Maguy Marin : Je me suis appuyée sur les expériences de Milgram, ou de Aesch, qui démontrent que l’opinion d’une personne se modifie dès qu’une majorité de gens pensent autrement. Ça a servi de moteur au démarrage de la création. Le conformisme, ce consensus ambiant, n’incite pas à réfléchir. Mais, j’ai tout de même ciblé davantage la grande bourgeoisie, la façon dont les élites – en tout cas ceux qui s’en sortent le mieux – finissent par influencer les consciences, en achetant les médias. Je pense à Bolloré par exemple, qui veut posséder tout ce qui peut séduire les gens : télés, journaux, réseaux sociaux, pour circonvenir l’esprit de ceux qui les regardent ou les lisent, et comment petit à petit on transforme l’opinion publique en faveur d’objectifs qui sont décidés par un très petit nombre de personnes qui ne veulent surtout pas perdre leurs privilèges. C’était la même chose au début du XXe siècle. Il y avait cet affreux personnage d’Edward Bernays, neveu de Freud, qui avait travaillé dans les années 20, et qui s’appuie sur les affects pour promouvoir par exemple l’intervention des américains dans la guerre de 14-18. Il a inventé en quelque sorte la propagande et le marketing. Il a écrit un livre intitulé Propaganda et exposait cyniquement et sans détour les manipulations mentales permettant « la fabrique du consentement ». Donc, j’ai été plutôt de ce côté, pour voir comment ce conformisme s’installe grâce à cette collusion entre pouvoir et outils d’information afin de faciliter leurs intérêts, c’est-à-dire que les populations suivent leurs idéologies. C’est plutôt là dessus que je me suis appuyée.

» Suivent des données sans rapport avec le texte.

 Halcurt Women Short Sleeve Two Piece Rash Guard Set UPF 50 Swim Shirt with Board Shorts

DCH : Bernays était déjà évoqué dans Deux mille dix-sept. Comment allez-vous transcrire ces réflexions d’ordre politique au niveau chorégraphique ?

Maguy Marin : Beaucoup de choses de Deux mille dix-sept sont présentes dans Deux mille vingt-trois, ainsi que des citations aussi bien orales que visuelles. Il y a du texte, bien évidemment, chacun des interprètes présentant ce qu’il a écrit. Quant à la chorégraphie, je n’accepte plus qu’une danse d’ensemble. Il y a de la farandole comme dans BiT, il y a cet élan collectif de passer d’une chose à l’autre, d’une personne à l’autre, une transmission en fait. La danse n’est pas si présente, en tout cas, pas comme on se l’imagine. Ça compte toujours mais c’est comme un souffle de vie qui passe d’un être à l’autre. Il s’agit de travailler les rythmes, les flux, les dynamiques, des sons, des gestes qui s’arrêtent ou se fondent dans un autre. C’est aussi lié à notre existence, à notre courte vie. Je ne fais plus de recherche de mouvements. Je pense au sol, à l’air, à la pluie, j’ai un côté tribal avec la danse.

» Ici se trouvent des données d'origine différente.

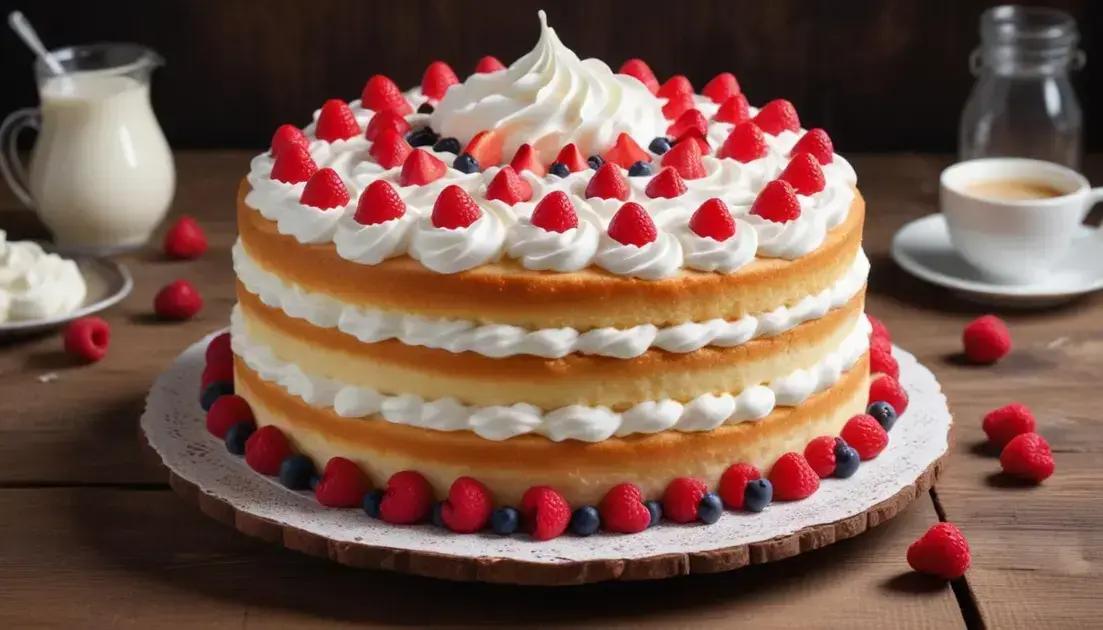 Bolo Clássico de Baunilha com Recheio de Frutas Vermelhas e Chantilly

DCH : C’est ce qui reste dans les corps finalement ?

Maguy Marin : Oui. C’est ça. Je ne sais pas. Peut-être aussi parce que j’ai vieilli. Ça m’influence, bien sûr. Le corps de la danseuse que j’ai été, ou mon désir de travailler sur la danse comme avant, s’est peut-être un peu amoindri. Mais, ce n’est pas dû, je crois, qu’à mon incapacité à danser, d’autant plus que je continue, même si je ne me jette plus au sol. 

DCH : Pour cette pièce vous parlez d’un humour salvateur…

Maguy Marin : Quand on touche à des points sensibles, ou que c’est dur, ou que c’est grave, le public n’adhère pas tellement. Enfin c’est une généralité. Mais j’ai remarqué ça dans Salves en particulier. La pièce a eu du succès car à la fin, il y a des bagarres style slapstick ou comics américains, et ça pimente le spectacle en faisant rire les gens. Du coup, les spectateurs prennent la gravité autrement. Ça donne du courage, ça ne déprime pas. Il me semble important de travailler sur l’enthousiasme du public, d’autant que je n’ai plus envie de créer des pièces trop douloureuses. BiT a rencontré l’adhésion de la salle parce que c’est une danse effrénée. 

DCH : Dans cette création, tous vos interprètes sont nouveaux. Est-ce un choix délibéré de votre part ?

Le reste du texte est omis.